77. The method of claim 59, further comprising adding a DNA polymerase, RNaseH and E. coli DNA ligase after conversion of the eukaryotic polyadenylated mRNA to first strand complementary DNA under conditions suitable for generating double stranded complementary DNA

78. (canceled)

79. The method of claim 77 where the LNA oligonucleotide complementary to the poly(A) tail sequence in eukaryotic mRNA contains an anchor sequence for a RNA polymerase, such as T7 RNA polymerase.

80. The method of claim 78 further comprising adding an RNA polymerase, such as T7 RNA polymerase, under conditions suitable for generating a plurality of RNA copies of said nucleic acid molecule.

81-115. (canceled)

116. The method of claim 1, wherein the genomic RNA is isolated from retroviruses.

117. The method of claim 116, wherein the retrovirus is HIV.

118-127. (canceled)

128. The method of claim 1 wherein said chaotropic agent is GuSCN in a concentration of at least 4 M.
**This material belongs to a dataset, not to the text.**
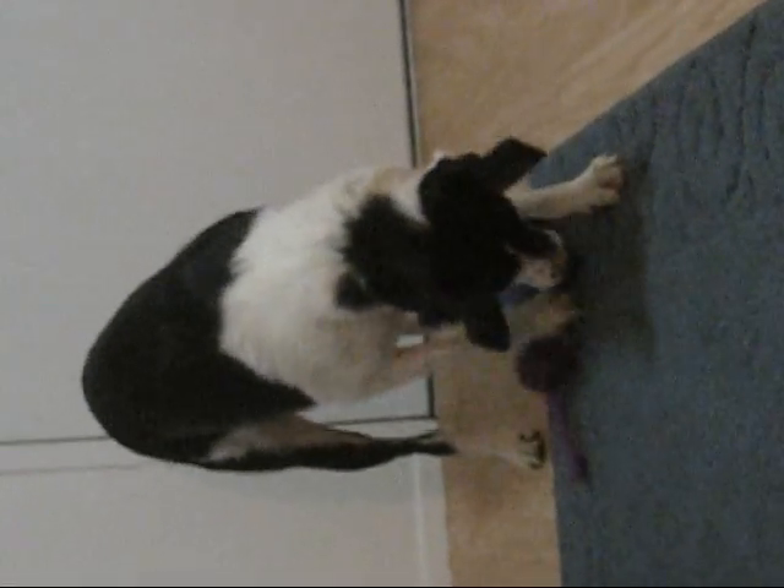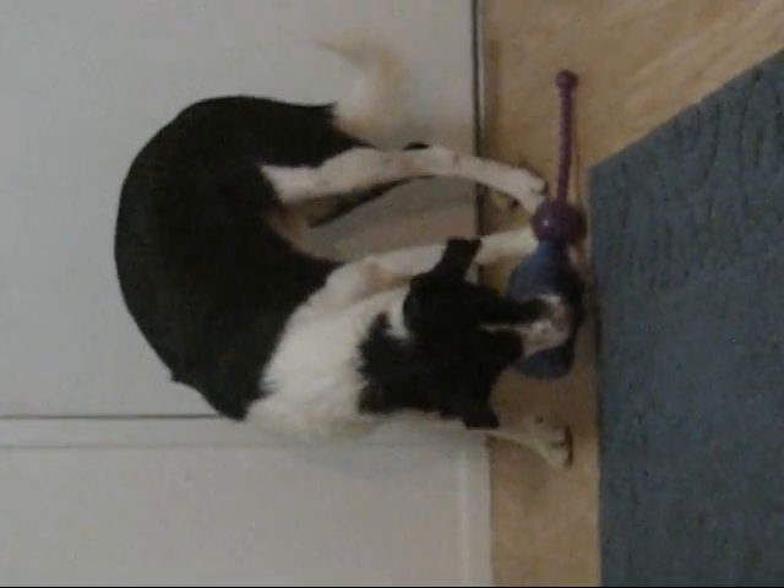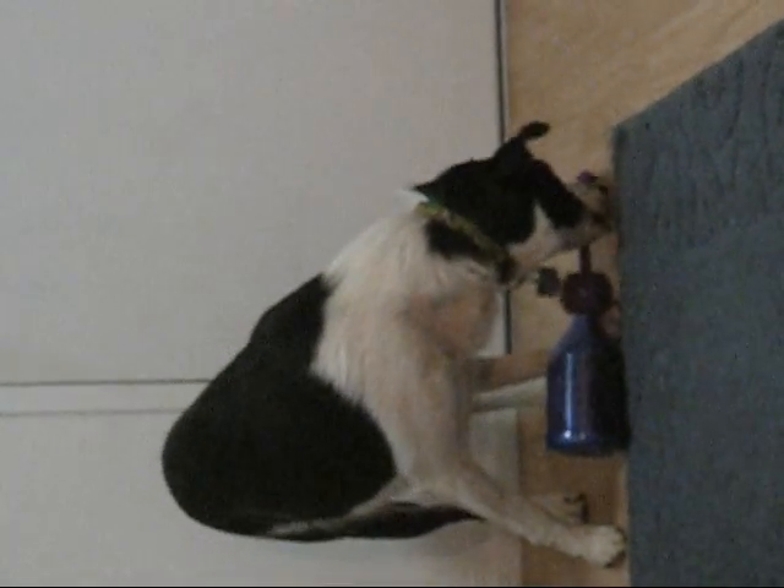He's figuring it out slowly. A great way for any dog to learn. Cody, bring your toy here. Bring the toy. Bring it here. Good boy. That's a good boy. Pick it up on the rope, Cody.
129. The method of claim 1 wherein the method further comprises the step of binding the LNA oligonucleotide to nucleic acids from the sample in a binding buffer containing NaCl or LiCl.

130. The method of claim 129 where NaCl or LiCl is at a concentration less than 100 mM.

131. The method of claim 129 where NaCl or the LiCl is at a concentration less than 50 mM.

132. The method of claim 129 wherein NaCl or LiCl is at a concentration less than 25 mM.

133. The method of claim 1 wherein detection or hybridisation is carried out at least 25° C.

134. The method of claim 1 wherein detection or hybridisation is carried out at least 37° C.

135. The method of claim 1 wherein detection or hybridisation is carried out at least 50° C.

136. The method according to claim 56 comprising detecting chemiluminescence using enzyme-conjugated nucleic acid probes.

137. The method according to claim 56 comprising detecting bioluminescence using firefly or bacterial luciferase or green fluorescent protein as reporter molecule.

138. The method according to claim 56 comprising detecting bioluminescence using firefly or bacterial luciferase or green fluorescent protein as reporter molecule.

139. The method according to claim 56 comprising detecting digoxigenin (DIG), fluorescein isothiocyanate (FITC), or biotin incorporated into the nucleic acid probes.

140. The method of claim 79 wherein the RNA polymerase comprises a T7 RNA polymerase.